244. Clause 9 also includes a retrospective provision which provides that any failure to comply with the notification requirements in section 40(5), before the amendments to section 40 come into effect, does not affect the validity of any deprivation order made under that section. The Government is therefore legislating to retrospectively validate previous deprivation of citizenship orders which are unlawful. This will prevent people from challenging a deprivation of citizenship order on the ground that they were not provided with notice of this decision, as required by section 40(5) BNA 1981.

245. We note that a similar strategy was employed in 2013, when the then Government sought to retrospectively validate unlawful sanctions against jobseekers, which were invalid due to ultra vires regulations. The Government used the Jobseekers (Back to Work Schemes) Act 2013 to retrospectively validate the offending regulations through primary legislation. In doing so, the Government removed a ground of appeal from claimants who had already lodged appeals against their sanctions.
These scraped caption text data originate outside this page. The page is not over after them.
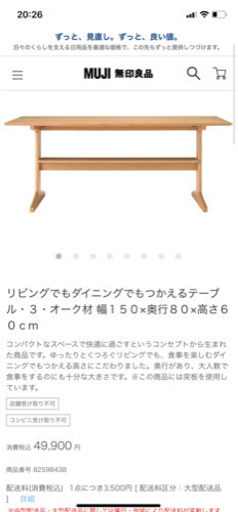 無印良品　ダイニングテーブル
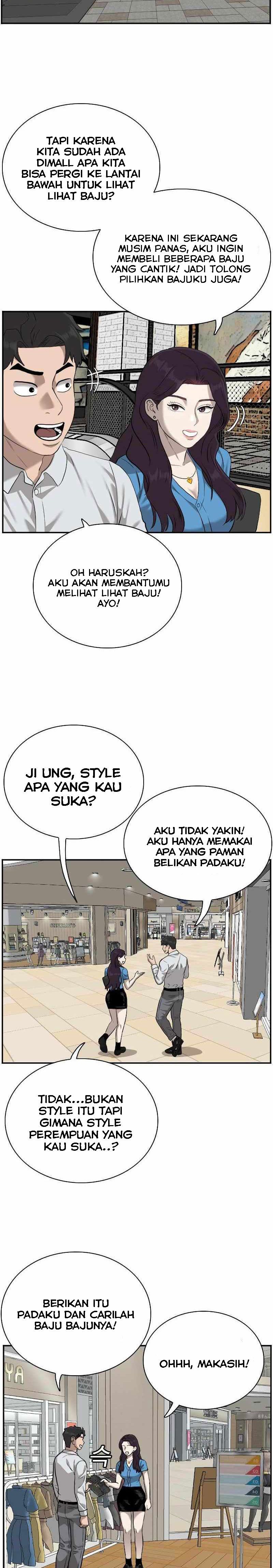 Dilarang COPAS - situs resmi www.mangacanblog.com - Komik a bad person 083 - chapter 83 84 Indonesia a bad person 083 - chapter 83 Terbaru 15|Baca Manga Komik Indonesia|Mangacan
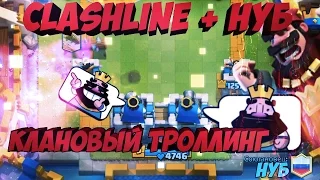 Троллинг в Clash Royale| Клановые НУБ атак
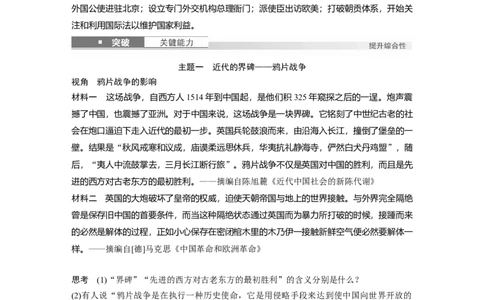 板块二　第七单元　第19讲　两次鸦片战争_07高考历史_2025年新高考资料_一轮复习_2025高考大一轮复习讲义+课件精准备考2025年新高三历史一轮复习备课课件（完结）_大一轮复习讲义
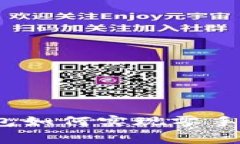 TP波场钱包如何实现零手续费转币？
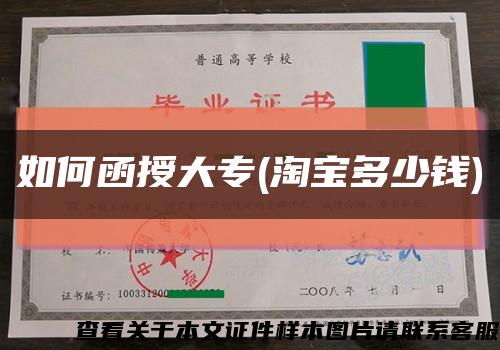 如何函授大專(淘寶多少錢)縮略圖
The Court of Appeal subsequently declared that, pursuant to section 4 of the Human Rights Act (“HRA”), the 2013 Act was incompatible with Article 6(1) (right to a fair trial) of the ECHR, as it interfered with the pending legal proceedings of claimants who had lodged appeals against their sanctions before the 2013 Act came into force.249

246. Article 6(1) of the ECHR requires that, in the determination of a person’s civil rights and obligations, everyone is entitled to a fair and public hearing within a reasonable time by an independent and impartial tribunal established by law. The enactment of retrospective legislation which affects the results of pending proceedings may infringe Article 6(1), unless there are compelling grounds of general interest. It is, prima facie, contrary to the rule of law for the state to interfere in current legal proceedings in order to influence the outcome of those proceedings in a manner favourable to itself. The Government is using Clause 9 to retrospectively validate unlawful deprivation of citizenship orders, following the High Court’s decision that the relevant regulation concerning the giving of notice is ultra vires. It is possible that there are pending legal proceedings challenging deprivation of citizenship orders on the ground that notice was given by making a record on the Home Office file. Clause 9 would effectively remove a ground of appeal from these claimants. If clause 9 affects the results of pending legal proceedings, this may infringe the fair trial rights of the appellants. If clause 9 is to be retained, we suggest that it should not have retrospective effect, to avoid the risk of infringing Article 6 in the vent of pending legal proceedings.

247. It is inevitable that cases concerning deprivation of citizenship orders may present practical difficulties with regard to serving notice. Individuals who leave the jurisdiction, travel to conflict zones, reside in refugee camps, and have no known means of communication, will be virtually impossible to locate and serve with notice. It is reasonable that the requirements for the Secretary of State to give notice to such individuals should take these challenges into account. However, there are three key problems with clause 9: it allows for far too much discretion by the Secretary of State to avoid giving notice of deprivation of citizenship orders; it renders the right of appeal meaningless, and it retrospectively validates unlawful deprivation of citizenship orders which may interfere with pending legal proceedings. Given the severe infringement of rights resulting from deprivation of citizenship orders, it is imperative that robust safeguards are in place when this extreme executive power is used. As set out above, we suggest that Clause 9 is removed from the Bill.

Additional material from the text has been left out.